TRIBUNNEWS.COM, JAKARTA - Kementerian Energi dan Sumber Daya Mineral (ESDM) masih mencari cara untuk mengurangi emisi dari sisa pembuangan pembangkit listrik yang menggunakan batubara. Hal itu harus cepat dicarikan solusi sebab rasio elektrifikasi dalam negeri ditopang oleh komoditas batubara.
"Karena itu harus dicari dan dikembangkan teknologi untuk mengurangi emisi," ujar Jarman, Rabu (12/11/2014).
Jarman menuturkan, pemanfaatan batu bara sebagai pembangkit listrik harus memperhatikan beberapa faktor, yakni keamanan pasokan, keekonomian, dan lingkungan. Isu lingkungan kerap menjadi sorotan terkait pemanfaatan batu bara tersebut. Maka dari itu diperlukan teknologi yang mumpuni untuk mengurangi emisi dari pemanfaatan batu bara.

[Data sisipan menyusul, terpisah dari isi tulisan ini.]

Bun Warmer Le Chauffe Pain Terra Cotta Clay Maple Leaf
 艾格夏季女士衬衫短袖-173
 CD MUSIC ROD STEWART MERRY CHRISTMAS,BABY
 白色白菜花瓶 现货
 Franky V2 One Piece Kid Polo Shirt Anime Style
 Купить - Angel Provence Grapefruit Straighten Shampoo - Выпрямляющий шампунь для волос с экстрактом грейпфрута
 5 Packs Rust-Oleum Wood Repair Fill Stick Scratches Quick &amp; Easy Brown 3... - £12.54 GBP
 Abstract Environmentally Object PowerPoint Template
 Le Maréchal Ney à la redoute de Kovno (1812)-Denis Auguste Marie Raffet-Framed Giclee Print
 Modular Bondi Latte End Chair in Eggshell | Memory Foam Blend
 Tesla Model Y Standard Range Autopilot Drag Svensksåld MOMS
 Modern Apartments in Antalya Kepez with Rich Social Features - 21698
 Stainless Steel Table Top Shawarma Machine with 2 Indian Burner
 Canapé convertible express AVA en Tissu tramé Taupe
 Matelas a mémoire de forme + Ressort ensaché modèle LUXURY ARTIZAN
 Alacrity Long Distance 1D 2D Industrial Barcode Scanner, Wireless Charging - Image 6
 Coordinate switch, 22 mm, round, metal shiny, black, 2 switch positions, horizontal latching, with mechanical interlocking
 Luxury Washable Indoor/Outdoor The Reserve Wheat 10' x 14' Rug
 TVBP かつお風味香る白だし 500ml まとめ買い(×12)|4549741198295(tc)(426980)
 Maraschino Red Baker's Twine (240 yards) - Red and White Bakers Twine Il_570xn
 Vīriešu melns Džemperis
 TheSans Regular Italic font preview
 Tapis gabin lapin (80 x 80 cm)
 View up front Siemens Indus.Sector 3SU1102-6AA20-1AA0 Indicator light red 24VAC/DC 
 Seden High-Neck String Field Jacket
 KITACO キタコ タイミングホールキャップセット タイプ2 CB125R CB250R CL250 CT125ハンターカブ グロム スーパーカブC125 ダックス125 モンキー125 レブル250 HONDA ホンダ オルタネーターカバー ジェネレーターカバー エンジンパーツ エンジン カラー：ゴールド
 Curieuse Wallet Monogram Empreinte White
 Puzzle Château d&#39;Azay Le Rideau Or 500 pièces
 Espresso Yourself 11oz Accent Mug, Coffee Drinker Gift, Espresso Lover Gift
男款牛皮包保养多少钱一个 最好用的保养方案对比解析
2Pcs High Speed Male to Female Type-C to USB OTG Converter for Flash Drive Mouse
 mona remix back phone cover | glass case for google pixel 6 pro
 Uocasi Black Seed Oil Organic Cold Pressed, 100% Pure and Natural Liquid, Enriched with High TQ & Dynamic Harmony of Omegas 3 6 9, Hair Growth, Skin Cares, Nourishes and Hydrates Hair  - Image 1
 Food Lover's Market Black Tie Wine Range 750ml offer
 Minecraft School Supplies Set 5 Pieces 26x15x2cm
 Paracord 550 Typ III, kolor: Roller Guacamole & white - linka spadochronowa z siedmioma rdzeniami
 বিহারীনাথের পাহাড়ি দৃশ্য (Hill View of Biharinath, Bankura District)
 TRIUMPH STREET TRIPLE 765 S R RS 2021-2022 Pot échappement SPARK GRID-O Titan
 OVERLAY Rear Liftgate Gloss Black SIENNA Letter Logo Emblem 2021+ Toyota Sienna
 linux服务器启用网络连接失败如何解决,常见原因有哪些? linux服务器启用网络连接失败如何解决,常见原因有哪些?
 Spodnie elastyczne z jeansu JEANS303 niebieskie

"Diperkirakan hingga 10 tahun ke depan, batu bara akan tetap menjadi pemasok utama bahan bakar pembangkit di Asia Tenggara," ujarnya.
Lebih lanjut Jarman menerangkan, target elektrifikasi 99 persen harus didukung dengan pemangkasan proses perizinan dalam pembangunan pembangkit listrik. Sebab, selama ini penerbitan izin menjadi ganjalan proyek pembangkit listrik.
Seperti diketahui, untuk mewujudkan rencana pemerintah meningkatkan rasio sambungan listrik (elektrifikasi) hingga 99 persen dalam kurun waktu lima tahun ke depan, potensi batu bara Indonesia akan dioptimalkan.
Jarman mengatakan, rasio elektrifikasi nasional saat ini mencapai 82 persen. Untuk mencapai target 99 persen tersebut maka setiap tahunnya harus ada peningkatkan rasio elektrifikasi minimal tiga persen.
"Target tersebut tercapai dengan memaksimalkan potensi batu bara. Pasokan batu bara yang melimpah sebaiknya digunakan untuk memenuhi kebutuhan dalam negeri," kata Jarman.